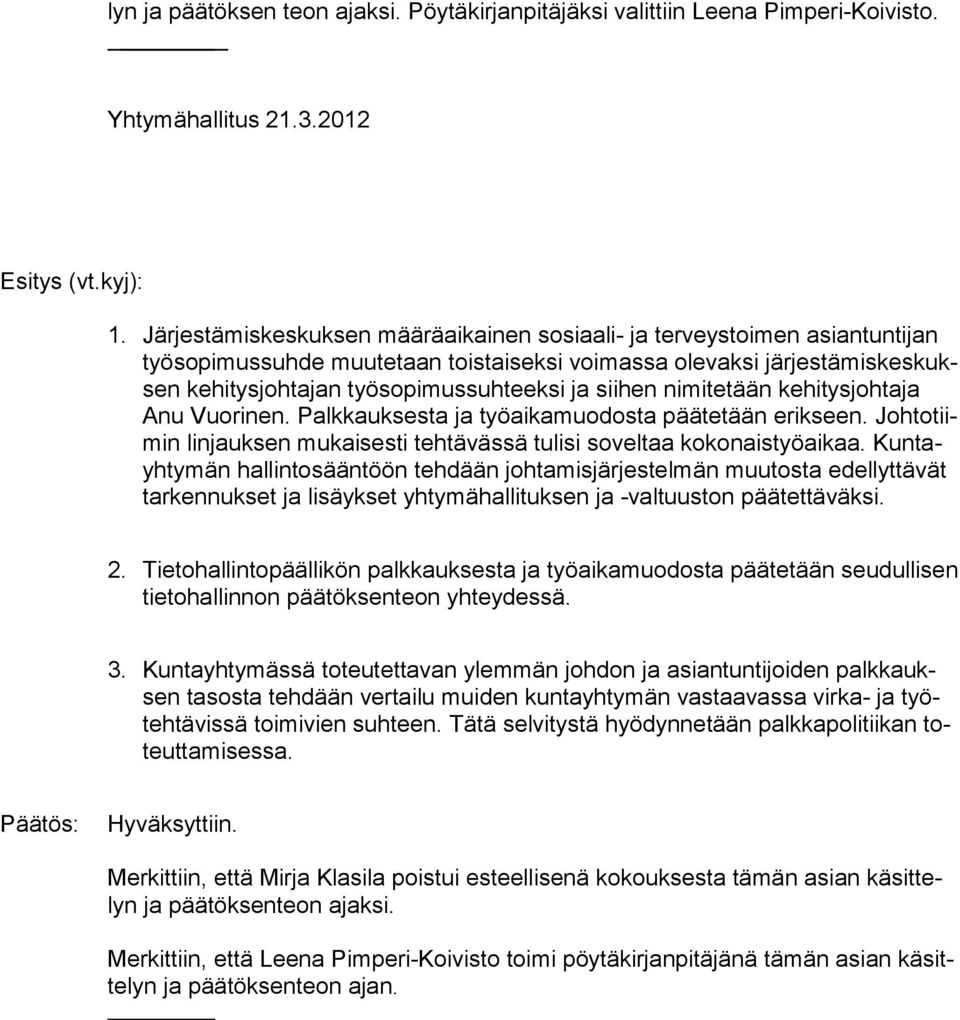 nimitetään kehitysjohtaja Anu Vuorinen. Palkkauksesta ja työaikamuodosta päätetään erikseen. Johtotiimin linjauksen mukaisesti tehtävässä tulisi soveltaa kokonaistyöaikaa.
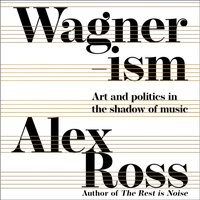 Wagnerism - Alex Ross - audiobook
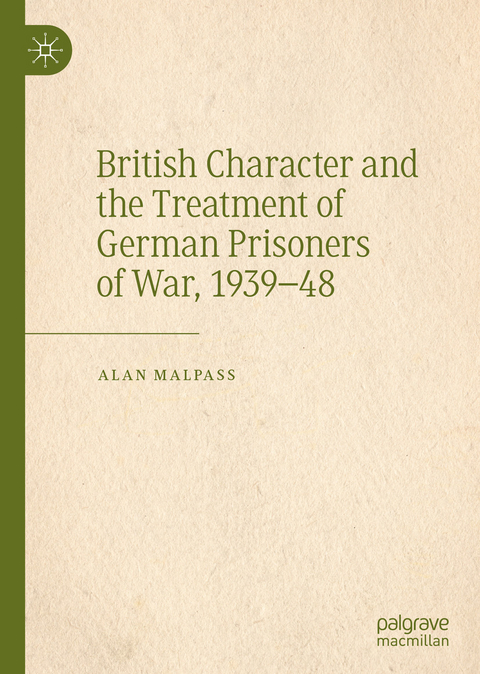 British Character and the Treatment of German Prisoners of War, 1939-48 -  Alan Malpass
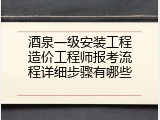 酒泉一级安装工程造价工程师报考流程详细步骤有哪些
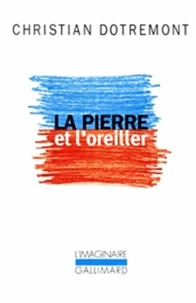 La pierre et l'oreiller
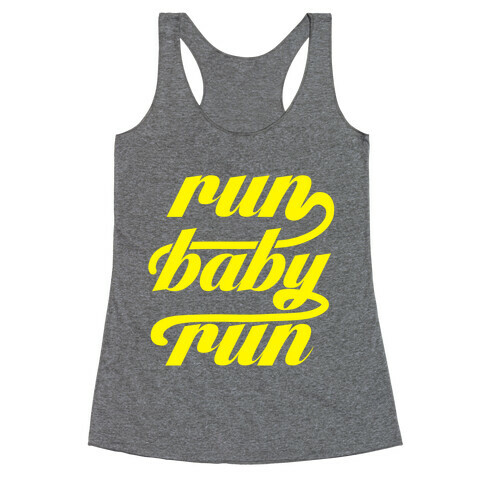 Run Baby Run Racerback Tank Top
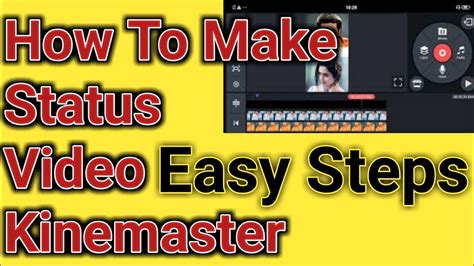 How To Make Trending Whatsapp Status Video In Kinemaster Kinemaster S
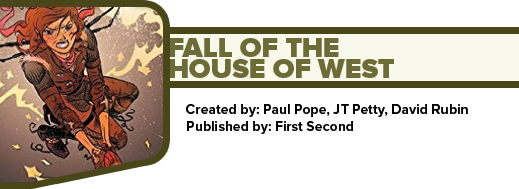Fall Of The House Of West by Paul Pope, JT Petty, and David Rubin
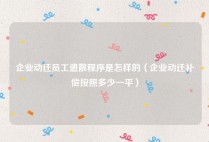 企业动迁员工遣散程序是怎样的（企业动迁补偿按照多少一平）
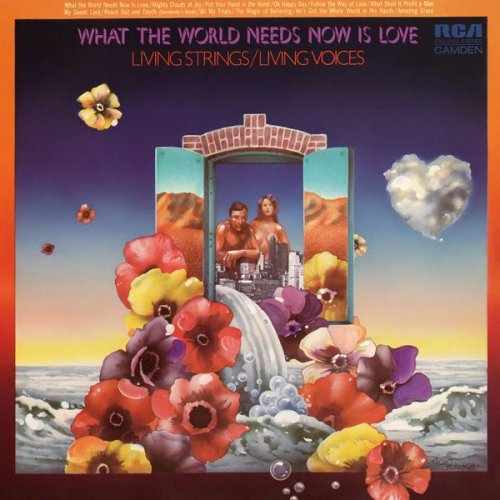 Living Strings, Living Voices - What The World Needs Now Is Love (1971) [Hi-Res]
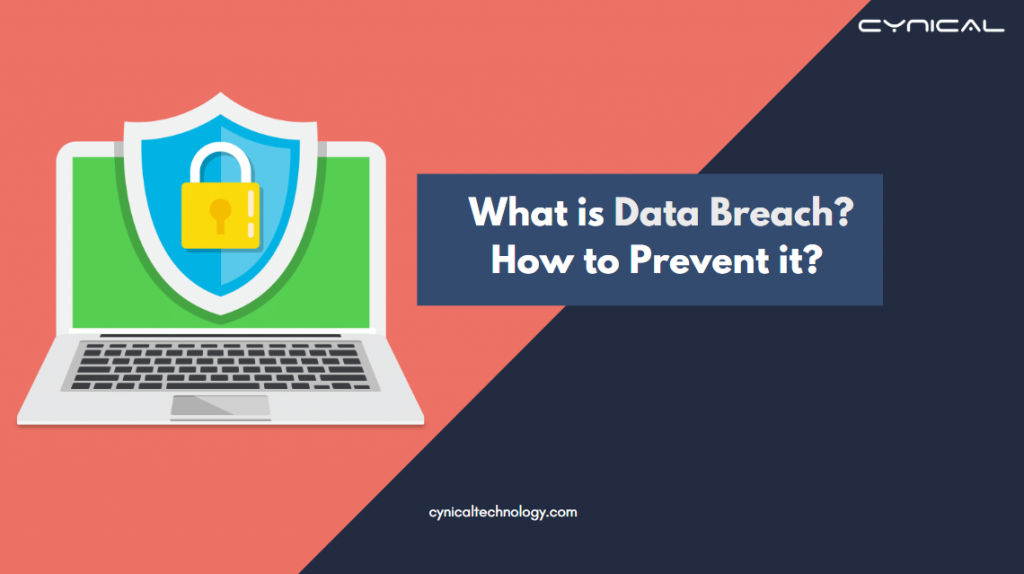 What is Data Breach and How to Prevent it?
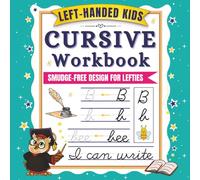 Cursive Handwriting Workbook for Left-Handed Kids: A Structured Cursive Practice Book: Letters, Words & Sentences with a Layout Designed for Left-Handed Writers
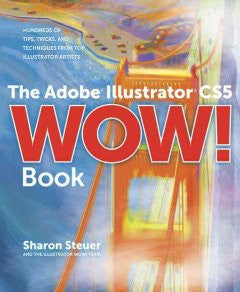 The Adobe Illustrator CS5 Wow! Book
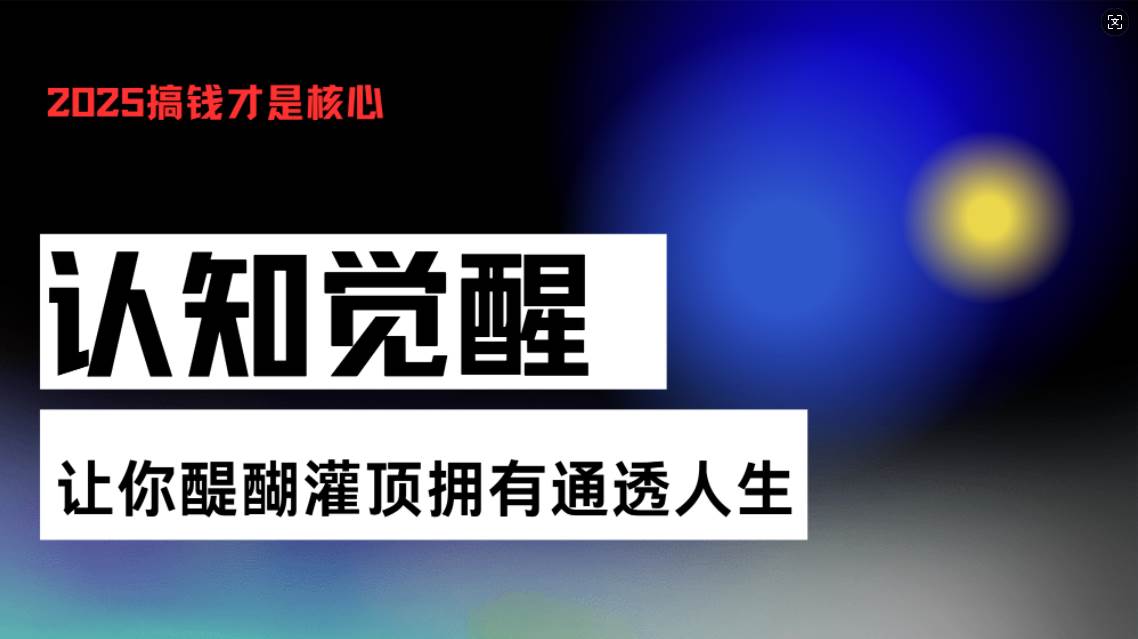 (13620期)认知觉醒,让你醍醐灌顶拥有通透人生,掌握强大的秘密!觉醒开悟课-九才资源网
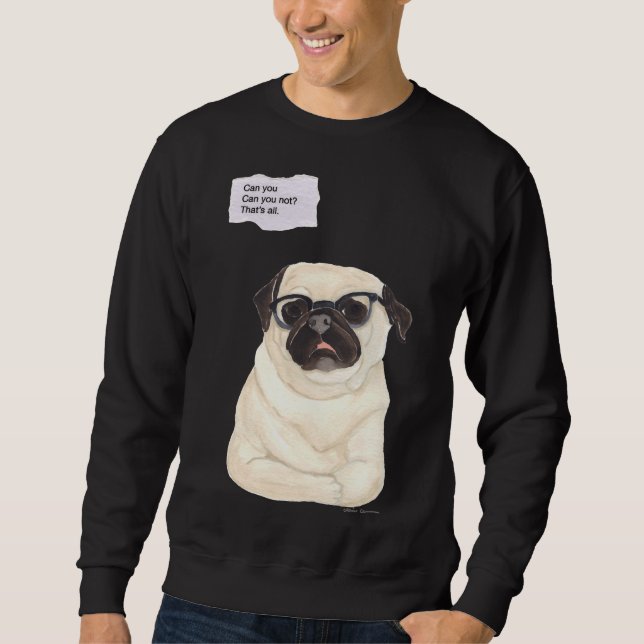 Can You Not - Funny Snarky Pug  Classic T-Shirt 80 Sweatshirt (Front)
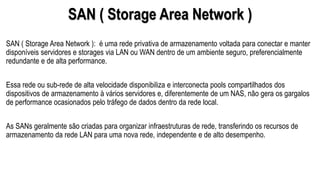 SAN ( Storage Area Network )
SAN ( Storage Area Network ): é uma rede privativa de armazenamento voltada para conectar e manter
disponíveis servidores e storages via LAN ou WAN dentro de um ambiente seguro, preferencialmente
redundante e de alta performance.
Essa rede ou sub-rede de alta velocidade disponibiliza e interconecta pools compartilhados dos
dispositivos de armazenamento à vários servidores e, diferentemente de um NAS, não gera os gargalos
de performance ocasionados pelo tráfego de dados dentro da rede local.
As SANs geralmente são criadas para organizar infraestruturas de rede, transferindo os recursos de
armazenamento da rede LAN para uma nova rede, independente e de alto desempenho.
 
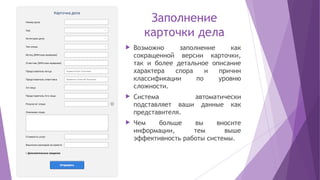 Заполнение
карточки дела
 Возможно заполнение как
сокращенной версии карточки,
так и более детальное описание
характера спора и причин
классификации по уровню
сложности.
 Система автоматически
подставляет ваши данные как
представителя.
 Чем больше вы вносите
информации, тем выше
эффективность работы системы.
 
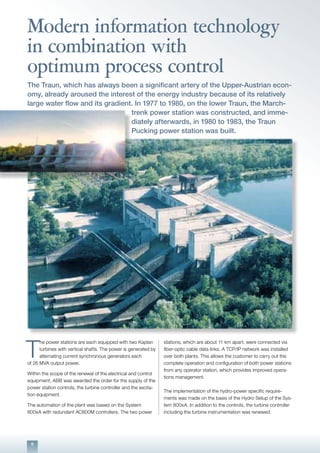 8
Modern information technology
in combination with
optimum process control
The Traun, which has always been a significant artery of the Upper-Austrian econ-
omy, already aroused the interest of the energy industry because of its relatively
large water flow and its gradient. In 1977 to 1980, on the lower Traun, the March-
trenk power station was constructed, and imme-
diately afterwards, in 1980 to 1983, the Traun
Pucking power station was built.
T
he power stations are each equipped with two Kaplan
turbines with vertical shafts. The power is generated by
alternating current synchronous generators each
of 26 MVA output power.
Within the scope of the renewal of the electrical and control
equipment, ABB was awarded the order for the supply of the
power station controls, the turbine controller and the excita-
tion equipment.
The automation of the plant was based on the System
800xA with redundant AC800M controllers. The two power
stations, which are about 11 km apart, were connected via
fiber-optic cable data links. A TCP/IP network was installed
over both plants. This allows the customer to carry out the
complete operation and configuration of both power stations
from any operator station, which provides improved opera-
tions management.
The implementation of the hydro-power specific require-
ments was made on the basis of the Hydro Setup of the Sys-
tem 800xA. In addition to the controls, the turbine controller
including the turbine instrumentation was renewed.
 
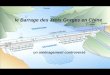 le Barrage des Trois Gorges en Chine - Montaigu en …montaiguvendee.fr/cms/uploads/pdf/Jeanne parcourt le Monde/Chine... · On a même fait appel à la géomancie pour positionner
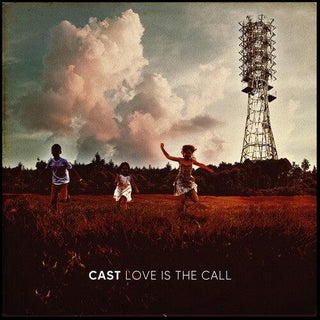 The Cast- Love Is The Call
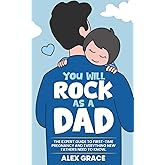 You Will Rock As a Dad!: The Expert Guide to First-Time Pregnancy and Everything New Fathers Need to Know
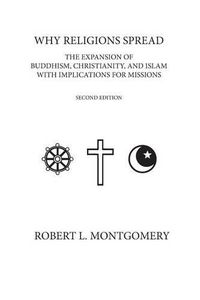 Cover image for Why Religions Spread: The Expansion of Buddhism, Christianity, and Islam with Implications for Missions Second Edition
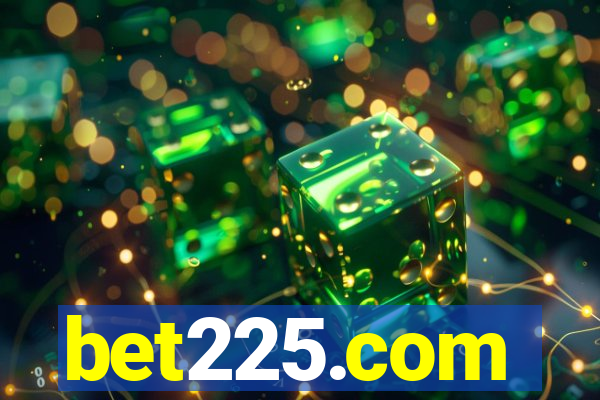 bet225.com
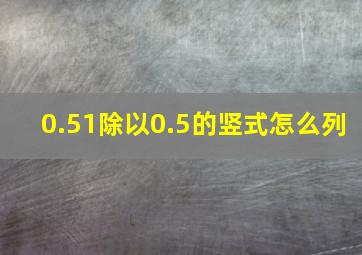 0.51除以0.5的竖式怎么列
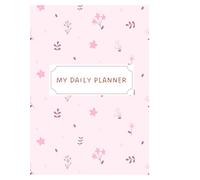 My Daily Planner & Productivity Journal: Undated Daily Schedule Book with Goal Setting, To-Do Lists, Priorities & Notes - Time Management Organizer for Women, Men & Students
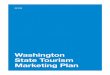 Washington State Tourism Marketing Planwatourismalliance.com/.../WCTED14379_MarketingPlan_m11.pdf · 2017-12-17 · 6 7 As there is currently no state-supported tourism marketing
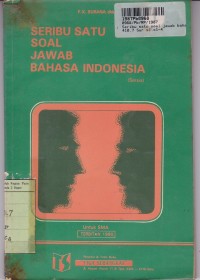 Seribu Satu Soal Jawab Bahasa Indonesia [Sersia - Jilid 1]: untuk SMA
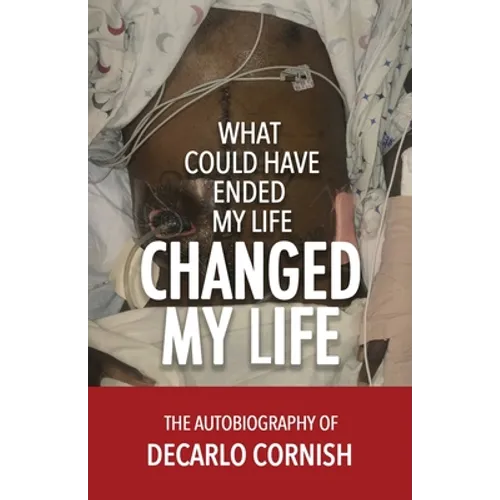 What Could Have Ended My Life Changed My Life: The Autobiography of Decarlo Cornish - Paperback
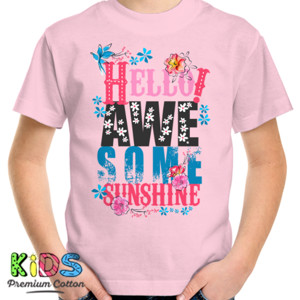 Kaos Hello Awesome Sunshine 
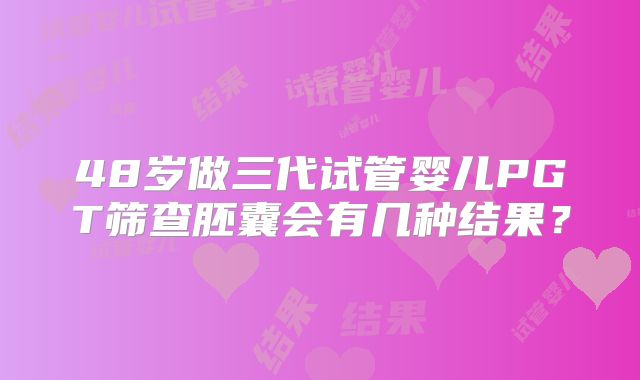 48岁做三代试管婴儿PGT筛查胚囊会有几种结果？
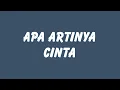 Download Lagu Ari Lasso - Apa Artinya Cinta // Lirik HQ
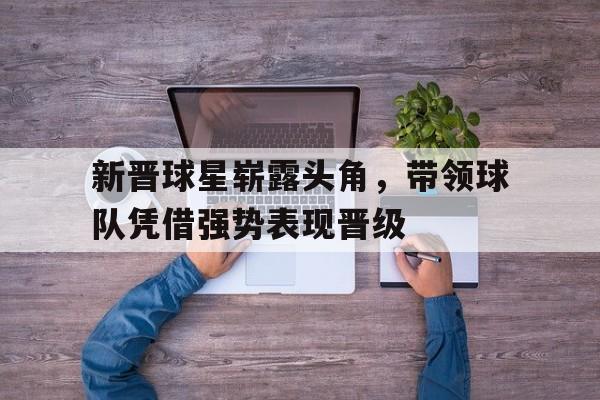 乐动·LDSports(中国)体育官网-新晋球星崭露头角，带领球队凭借强势表现晋级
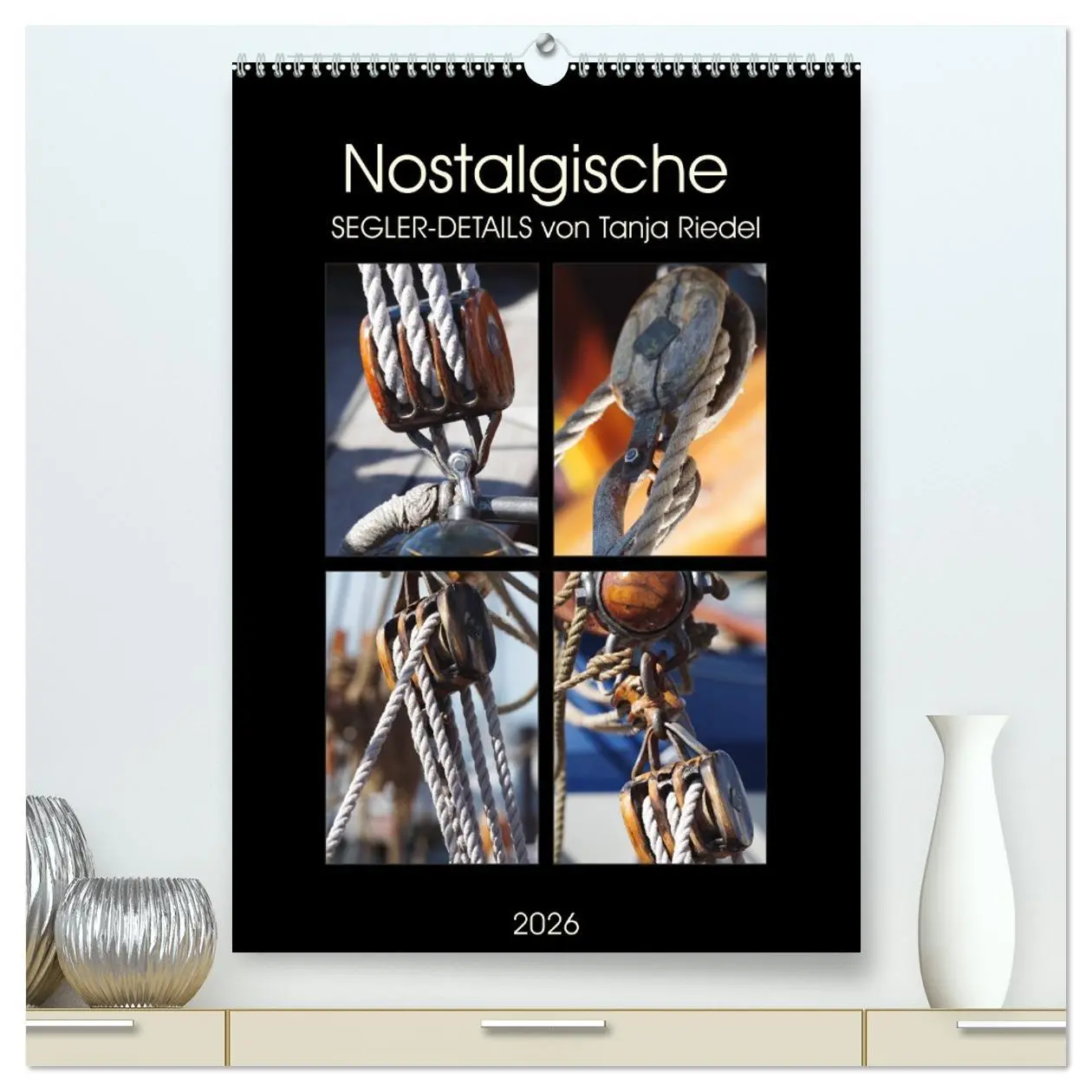Cover: 9783516391541 | Nostalgische Segler-Details (hochwertiger Premium Wandkalender 2026...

* * * * *

YOUR TASK |
Skip the pictures, please, and transcribe only the lines from the beginning of the material through the one that contains "Wagnerism - Alex Ross - audiobook".

WRITTEN ANSWER |
 nimitetään kehitysjohtaja Anu Vuorinen. Palkkauksesta ja työaikamuodosta päätetään erikseen. Johtotiimin linjauksen mukaisesti tehtävässä tulisi soveltaa kokonaistyöaikaa.
 Wagnerism - Alex Ross - audiobook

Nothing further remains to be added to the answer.